Every prune event flushes the dbcache to disk.
By default this happens approximately every ~160MiB so high dbcache values are negated and IBD takes far longer than without pruning enabled.
This change allows a 'high water mark' for pruning such that the actual size of blk/rev on disk can increase a reasonable amount before flushing.
On a machine with prune=550 and dbcache=3000:
I haven't changed the 'diff' column in debug log (it could perhaps be hwm - actual rather than target - actual).
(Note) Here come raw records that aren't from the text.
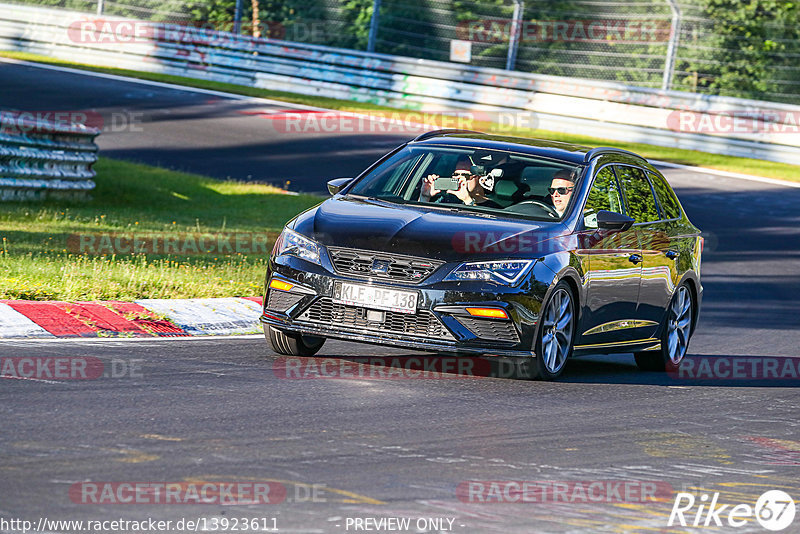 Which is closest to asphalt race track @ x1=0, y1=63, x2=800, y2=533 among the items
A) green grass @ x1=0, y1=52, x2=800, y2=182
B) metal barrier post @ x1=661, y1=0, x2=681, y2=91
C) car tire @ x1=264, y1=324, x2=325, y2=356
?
car tire @ x1=264, y1=324, x2=325, y2=356

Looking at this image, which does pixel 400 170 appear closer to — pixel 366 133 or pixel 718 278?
pixel 718 278

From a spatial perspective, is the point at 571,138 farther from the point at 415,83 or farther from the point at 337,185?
the point at 337,185

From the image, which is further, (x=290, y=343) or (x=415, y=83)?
(x=415, y=83)

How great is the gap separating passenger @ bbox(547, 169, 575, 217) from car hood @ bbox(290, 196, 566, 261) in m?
0.32

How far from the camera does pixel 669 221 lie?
11102mm

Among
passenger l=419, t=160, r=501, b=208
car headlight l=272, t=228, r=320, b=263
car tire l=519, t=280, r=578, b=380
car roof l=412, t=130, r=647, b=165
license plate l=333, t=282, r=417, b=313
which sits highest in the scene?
car roof l=412, t=130, r=647, b=165

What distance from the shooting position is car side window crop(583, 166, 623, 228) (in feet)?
32.2

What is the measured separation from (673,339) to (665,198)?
1.19 m

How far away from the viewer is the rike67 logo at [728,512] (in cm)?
593

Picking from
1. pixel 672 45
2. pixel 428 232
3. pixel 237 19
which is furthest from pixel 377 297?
pixel 237 19

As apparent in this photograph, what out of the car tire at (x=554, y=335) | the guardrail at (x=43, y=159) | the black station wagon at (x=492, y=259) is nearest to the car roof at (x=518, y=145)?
the black station wagon at (x=492, y=259)

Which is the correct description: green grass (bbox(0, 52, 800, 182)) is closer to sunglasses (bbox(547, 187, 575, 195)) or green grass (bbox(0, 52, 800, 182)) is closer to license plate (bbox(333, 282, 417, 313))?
sunglasses (bbox(547, 187, 575, 195))

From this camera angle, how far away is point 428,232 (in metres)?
8.85

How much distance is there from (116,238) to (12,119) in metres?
2.82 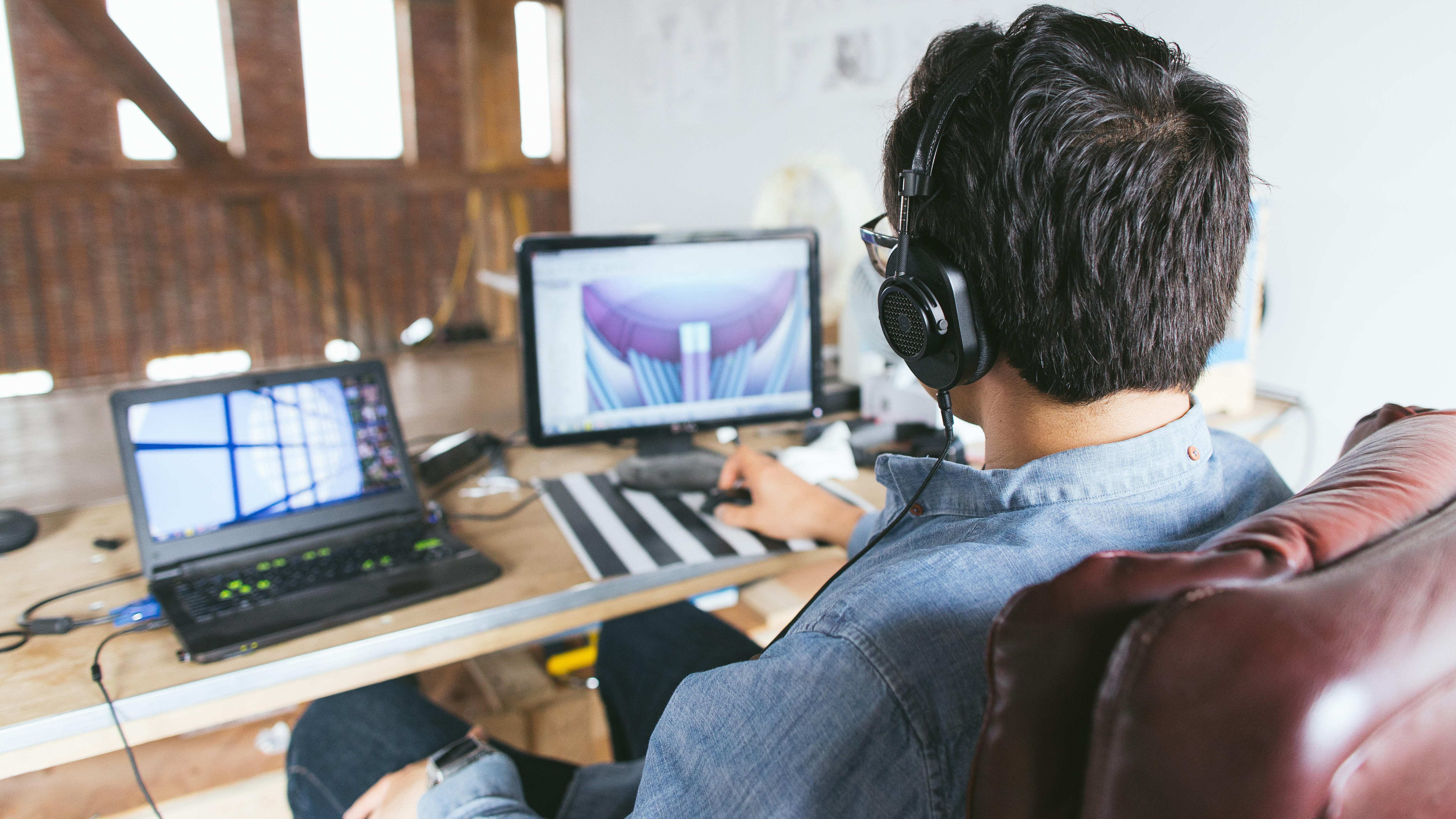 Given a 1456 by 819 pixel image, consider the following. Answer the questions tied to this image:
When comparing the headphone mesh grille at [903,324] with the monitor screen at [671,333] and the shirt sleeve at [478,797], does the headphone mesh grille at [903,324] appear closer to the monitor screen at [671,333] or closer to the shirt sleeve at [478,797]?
the shirt sleeve at [478,797]

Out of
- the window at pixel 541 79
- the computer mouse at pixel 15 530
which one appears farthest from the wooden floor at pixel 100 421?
the window at pixel 541 79

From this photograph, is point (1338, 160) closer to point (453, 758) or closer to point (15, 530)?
point (453, 758)

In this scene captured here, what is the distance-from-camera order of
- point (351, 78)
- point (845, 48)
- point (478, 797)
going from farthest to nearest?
point (351, 78) < point (845, 48) < point (478, 797)

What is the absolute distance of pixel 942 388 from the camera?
714mm

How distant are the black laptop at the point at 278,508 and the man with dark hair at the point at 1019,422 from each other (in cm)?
60

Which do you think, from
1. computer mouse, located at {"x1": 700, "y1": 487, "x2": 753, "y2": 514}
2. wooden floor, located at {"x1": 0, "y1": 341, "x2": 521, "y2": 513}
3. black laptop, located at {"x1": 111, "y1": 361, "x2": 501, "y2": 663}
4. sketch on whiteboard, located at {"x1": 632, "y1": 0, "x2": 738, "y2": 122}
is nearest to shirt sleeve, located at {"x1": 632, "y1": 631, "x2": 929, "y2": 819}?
black laptop, located at {"x1": 111, "y1": 361, "x2": 501, "y2": 663}

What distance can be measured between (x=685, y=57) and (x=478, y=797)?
2.81 m

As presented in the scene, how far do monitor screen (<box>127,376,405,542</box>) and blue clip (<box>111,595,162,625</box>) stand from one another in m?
0.10

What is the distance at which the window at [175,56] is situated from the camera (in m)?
4.81

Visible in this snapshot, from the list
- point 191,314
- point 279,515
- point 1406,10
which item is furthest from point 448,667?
point 191,314

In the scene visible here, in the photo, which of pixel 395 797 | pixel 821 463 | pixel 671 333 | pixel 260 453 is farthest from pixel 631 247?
pixel 395 797

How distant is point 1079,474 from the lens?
638 millimetres

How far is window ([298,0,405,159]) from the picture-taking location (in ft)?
16.8

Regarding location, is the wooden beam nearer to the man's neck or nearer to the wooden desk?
the wooden desk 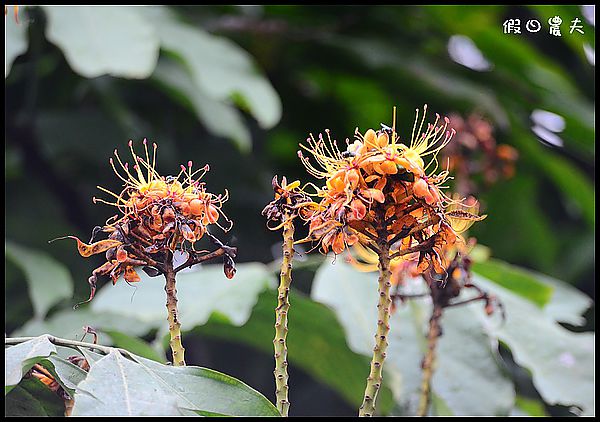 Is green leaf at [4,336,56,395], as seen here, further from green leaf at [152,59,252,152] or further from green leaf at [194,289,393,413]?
green leaf at [152,59,252,152]

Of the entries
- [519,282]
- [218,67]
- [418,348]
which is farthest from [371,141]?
[218,67]

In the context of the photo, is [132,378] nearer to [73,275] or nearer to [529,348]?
[529,348]

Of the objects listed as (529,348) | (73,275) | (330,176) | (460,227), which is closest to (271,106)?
(73,275)

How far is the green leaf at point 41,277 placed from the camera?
1421 millimetres

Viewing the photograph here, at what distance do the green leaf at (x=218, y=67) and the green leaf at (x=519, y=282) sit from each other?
49 cm

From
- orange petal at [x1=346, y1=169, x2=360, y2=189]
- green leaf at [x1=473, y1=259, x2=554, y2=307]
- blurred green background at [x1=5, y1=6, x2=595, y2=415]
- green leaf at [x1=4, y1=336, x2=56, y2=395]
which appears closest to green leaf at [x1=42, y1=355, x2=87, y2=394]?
green leaf at [x1=4, y1=336, x2=56, y2=395]

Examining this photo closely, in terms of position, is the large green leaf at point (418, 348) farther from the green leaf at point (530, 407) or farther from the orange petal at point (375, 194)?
the orange petal at point (375, 194)

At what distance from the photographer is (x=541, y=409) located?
1521mm

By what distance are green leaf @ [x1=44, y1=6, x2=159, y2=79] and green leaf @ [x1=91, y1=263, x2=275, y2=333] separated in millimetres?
363

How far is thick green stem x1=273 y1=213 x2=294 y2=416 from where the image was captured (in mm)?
608

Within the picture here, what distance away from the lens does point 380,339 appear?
0.61 m

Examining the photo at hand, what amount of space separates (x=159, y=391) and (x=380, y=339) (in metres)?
0.17

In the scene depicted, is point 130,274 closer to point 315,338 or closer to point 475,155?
point 315,338

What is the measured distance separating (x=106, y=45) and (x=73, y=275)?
1.60 ft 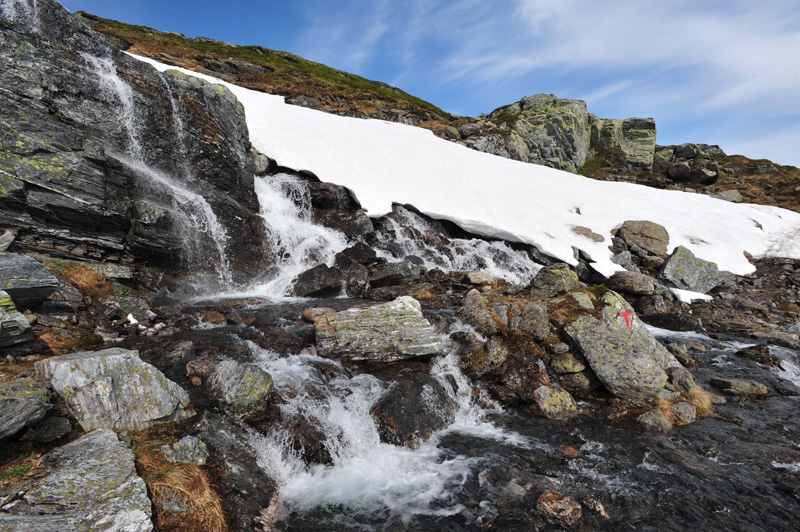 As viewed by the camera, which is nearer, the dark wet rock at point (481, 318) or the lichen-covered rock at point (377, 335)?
the lichen-covered rock at point (377, 335)

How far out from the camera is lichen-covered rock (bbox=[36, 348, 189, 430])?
661 cm

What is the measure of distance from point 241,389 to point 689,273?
29141 mm

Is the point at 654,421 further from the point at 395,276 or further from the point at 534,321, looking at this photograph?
the point at 395,276

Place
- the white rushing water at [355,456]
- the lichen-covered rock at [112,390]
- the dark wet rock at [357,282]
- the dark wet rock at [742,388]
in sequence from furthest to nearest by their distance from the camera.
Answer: the dark wet rock at [357,282] < the dark wet rock at [742,388] < the white rushing water at [355,456] < the lichen-covered rock at [112,390]

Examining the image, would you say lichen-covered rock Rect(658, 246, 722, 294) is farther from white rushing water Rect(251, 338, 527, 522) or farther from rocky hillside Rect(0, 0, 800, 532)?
white rushing water Rect(251, 338, 527, 522)

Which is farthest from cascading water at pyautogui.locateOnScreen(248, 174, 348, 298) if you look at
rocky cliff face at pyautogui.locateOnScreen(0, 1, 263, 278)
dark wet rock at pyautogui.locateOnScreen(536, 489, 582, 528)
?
dark wet rock at pyautogui.locateOnScreen(536, 489, 582, 528)

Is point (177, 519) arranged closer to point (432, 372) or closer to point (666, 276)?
point (432, 372)

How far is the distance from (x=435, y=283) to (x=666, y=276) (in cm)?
1739

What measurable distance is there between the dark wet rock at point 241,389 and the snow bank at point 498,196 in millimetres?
17083

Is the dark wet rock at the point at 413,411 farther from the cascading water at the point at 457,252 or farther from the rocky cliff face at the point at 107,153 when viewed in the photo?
the cascading water at the point at 457,252

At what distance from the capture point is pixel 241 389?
8414 millimetres

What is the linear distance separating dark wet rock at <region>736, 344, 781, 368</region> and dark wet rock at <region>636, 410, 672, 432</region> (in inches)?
332

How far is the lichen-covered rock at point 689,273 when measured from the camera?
2412 cm

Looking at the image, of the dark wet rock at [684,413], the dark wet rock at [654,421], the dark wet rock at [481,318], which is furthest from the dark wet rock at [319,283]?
the dark wet rock at [684,413] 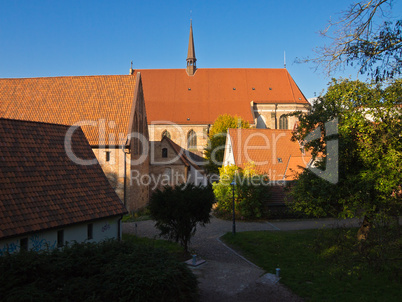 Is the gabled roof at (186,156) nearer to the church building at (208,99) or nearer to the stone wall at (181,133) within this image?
the stone wall at (181,133)

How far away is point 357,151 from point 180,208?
695cm

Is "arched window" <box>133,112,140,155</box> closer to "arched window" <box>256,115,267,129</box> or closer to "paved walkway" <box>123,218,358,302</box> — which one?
"paved walkway" <box>123,218,358,302</box>

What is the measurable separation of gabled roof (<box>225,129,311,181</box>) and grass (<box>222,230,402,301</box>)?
10.5 metres

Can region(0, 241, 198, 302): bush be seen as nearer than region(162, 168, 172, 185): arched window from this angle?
Yes

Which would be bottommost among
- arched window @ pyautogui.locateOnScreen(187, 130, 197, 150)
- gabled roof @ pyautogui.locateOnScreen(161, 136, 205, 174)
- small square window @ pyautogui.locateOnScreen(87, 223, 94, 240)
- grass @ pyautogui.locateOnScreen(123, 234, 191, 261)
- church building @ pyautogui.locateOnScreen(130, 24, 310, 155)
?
grass @ pyautogui.locateOnScreen(123, 234, 191, 261)

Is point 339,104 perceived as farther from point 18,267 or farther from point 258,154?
point 258,154

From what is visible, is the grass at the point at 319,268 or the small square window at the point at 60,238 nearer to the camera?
the grass at the point at 319,268

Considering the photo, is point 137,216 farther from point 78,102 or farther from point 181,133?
point 181,133

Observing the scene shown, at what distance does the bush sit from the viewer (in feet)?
21.1

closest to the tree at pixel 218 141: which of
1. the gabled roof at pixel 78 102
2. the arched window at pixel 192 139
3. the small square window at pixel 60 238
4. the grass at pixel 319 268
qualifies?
the arched window at pixel 192 139

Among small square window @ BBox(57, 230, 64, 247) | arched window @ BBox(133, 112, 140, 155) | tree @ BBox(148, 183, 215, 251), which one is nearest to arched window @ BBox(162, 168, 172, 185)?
arched window @ BBox(133, 112, 140, 155)

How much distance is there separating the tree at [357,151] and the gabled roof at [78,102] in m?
14.3

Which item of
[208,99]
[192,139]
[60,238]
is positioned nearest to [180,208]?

Not sure if this could potentially increase disk space requirements in some cases - may need documentation. With a very high dbcache value, if say 10GiB of blocks come in that only produce 2GiB of chainstate then you'd overshoot quite a bit, I think. It's a tradeoff - more frequent flushing = slower IBD.
Thanks to sipa and gmaxwell for helping out on IRC.